Discuss ideas for protecting a falling object from damage on impact.

  • Show and discuss the materials available to make the ‘egg protector’. What is it? More importantly, what can it be? (Don’t hand them out yet).
  • Start with a sketch/design on paper.
  • Recap health and safety considerations for equipment such as hot glue and craft knives.

step 4

Hand out the egg shakers and start the building process of the protector, using the iterative design process to test, evaluate and improve the design.

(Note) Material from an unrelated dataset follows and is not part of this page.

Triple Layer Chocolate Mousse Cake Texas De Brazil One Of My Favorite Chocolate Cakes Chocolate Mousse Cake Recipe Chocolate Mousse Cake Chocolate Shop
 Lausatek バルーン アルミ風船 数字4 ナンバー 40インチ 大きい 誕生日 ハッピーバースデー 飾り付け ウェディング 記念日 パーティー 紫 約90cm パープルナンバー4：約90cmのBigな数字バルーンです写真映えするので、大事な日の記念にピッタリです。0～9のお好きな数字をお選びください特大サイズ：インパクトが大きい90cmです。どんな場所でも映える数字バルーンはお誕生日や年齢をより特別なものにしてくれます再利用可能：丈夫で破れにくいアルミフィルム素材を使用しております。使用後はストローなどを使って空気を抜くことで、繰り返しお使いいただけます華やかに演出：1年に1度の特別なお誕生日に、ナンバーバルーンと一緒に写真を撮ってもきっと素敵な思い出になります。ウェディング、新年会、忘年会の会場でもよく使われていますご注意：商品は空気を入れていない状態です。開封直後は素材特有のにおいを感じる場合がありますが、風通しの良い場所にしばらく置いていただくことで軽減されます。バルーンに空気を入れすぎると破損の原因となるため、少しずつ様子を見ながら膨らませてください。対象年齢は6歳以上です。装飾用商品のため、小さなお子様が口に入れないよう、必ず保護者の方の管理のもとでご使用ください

  • Use an egg shaker for testing rather than a real egg.
  • Encourage different approaches to the design. Students should try out different solutions and try to combine them.
  • They should use the scientific method learnt in the previous unit to make sure they have accurate data to help form a hypothesis and make predictions (i.e. constant = dropping from the same height).

step 5

Stop work for a plenary to check progress – sharing, testing and feedback:

  • Each group should show how their ‘egg protector’ is made, how it works, what materials they used, what choices they made, what problems they had to solve to teach each other what they have learnt. When giving each other feedback, students should critically discuss the plans: see where the strengths or weaknesses of the idea manifest.
  • Name the real eggs and weigh the protectors using scales (write it down for later).
  • Test the designs outside the classroom to a location where you can safely drop them from a height such as a bridge or roof garden.
  • Students will place a real egg into their ‘egg protector’, then drop them one at a time preferably from a height of 3-5 meters (clean up between each drop if needed).
  • Discuss the outcome between each drop. Discuss what actually happened and why? Did it do what was predicted? Cherish the eggs that survived!

step 6

Back in the classroom, make an inventory of each group and their egg. Share the results on a scoreboard, recording egg name, weight and result using this symbol system: a fried egg indicates that the egg was completely broken, a whole egg with a crack in it indicates that the egg was broken, but still kept its shape, an unbroken egg indicates the challenge was a success.

step 7

The winner is the group with an unbroken egg and the lightest protector.

step 8

Within the results, evaluate which aspects of each design were good ideas and which ones were less successful. As students don’t always understand all the skills they have used to accomplish the assignment, name the skills they used explicitly and give positive feedback.